Before diving into Dryad-specific discussions, we took time to have a large-format discussion with guests from BCO-DMO, a repository for Oceanographic data as well as folks from Arctic Data Center, both National Science Foundation funded discipline specific repositories. It was evident that researchers do not feel they have proper guidance on which repository to use, even when funders feel this piece is clearly stated. Beyond it being a mandate, it’s important for researchers to submit to these repositories as discipline specific repositories typically provide richer curation than multi-disciplinary “general” repositories. A heavy theme that emerged was how Dryad and others that are embedded in the article publishing processes could ensure submitted data are going to the right home.

Meeting user needs

Splitting the room based on user interests in submitting and publishing data or re-using data in Dryad, we turned the event space walls into post-it note exhibits. Researchers wrote down as many features and use cases they could think of for either submitting data or using data. Within their groups they then clustered and prioritized these features. Interestingly, the majority of participants chose to focus on data re-use, reflecting the change in open data acceptance amongst the community they represent. Some of the highest priority features in this arena were about integrations and development of software tools that make the curated data more usable. For those focusing on submission the top rated features were around crediting back to funders and institutions, as well as relations to the scripts and code used to analyze the data.

Image from iOS copy 3

Dr. Sally Otto representing the “Publishing Data” group discussion

Image from iOS copy 4

Researchers clustering and prioritizing data re-use features

Maintaining a researcher-led community and platform

Circling back to the opening question we prompted the group to think about their perceptions of what it means for researchers to be leading the Dryad community. Many of these perspectives centered around transparency in marketing, true costs, and the added values. A big note was on how we can overcome barriers like those who do not have funding to publish data. Researchers raised the point that they may not be able to cover the cost of a data publishing charge, even at a respected US-based institution. Questions of how curation, integration, and open-source values can be inclusive of these communities struggling for funding prompted us to consider how disparate and diverse scientific research may be, even within the same domain. We received innovative ideas related to business models for supporting a broader audience of researchers as well as outreach ideas reflecting the need to integrate deeper within the open-source software community.

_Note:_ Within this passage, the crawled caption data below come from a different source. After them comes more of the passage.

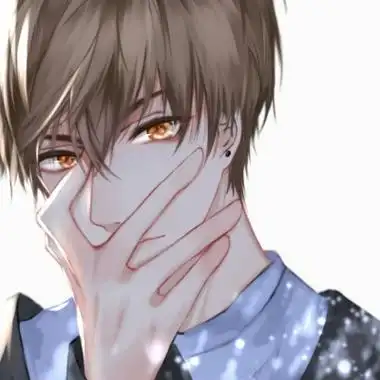 高冷帅气男生动漫头像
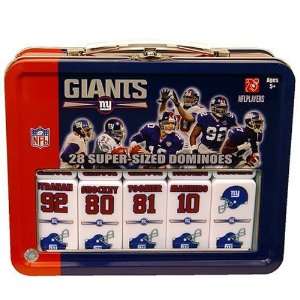  Sababa Toys New York Giants Dominoes Toys & Games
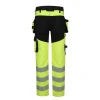 HI-VIS vööpüksid ripptaskutega URANUS KD135 Pesso
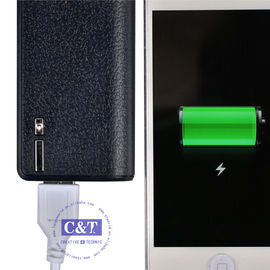 مستطیل آی فون 6 بانک قابل حمل قدرت، 5600mAh خارجی باتری و شارژر بسته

Working in conjunction with the open repositories (BCO-DMO, Arctic Data Center) and repository networks (DataONE) present at the workshop, and continuing to be led in the forms of governance and product management by researchers, Dryad and California Digital Library are striving to both understand and promote proper practices for community-ownership in open source data publishing. While this was a one-day event, we aim to continue to engage with broader research communities and encourage any researcher to get in touch with us if you have feedback or ideas for how you can get involved in our community.

CDL and Dryad thank the National Center for Ecological Analysis and Synthesis (NCEAS) for giving us the space to hold this meeting as well as the National Science Foundation for granting meeting funds.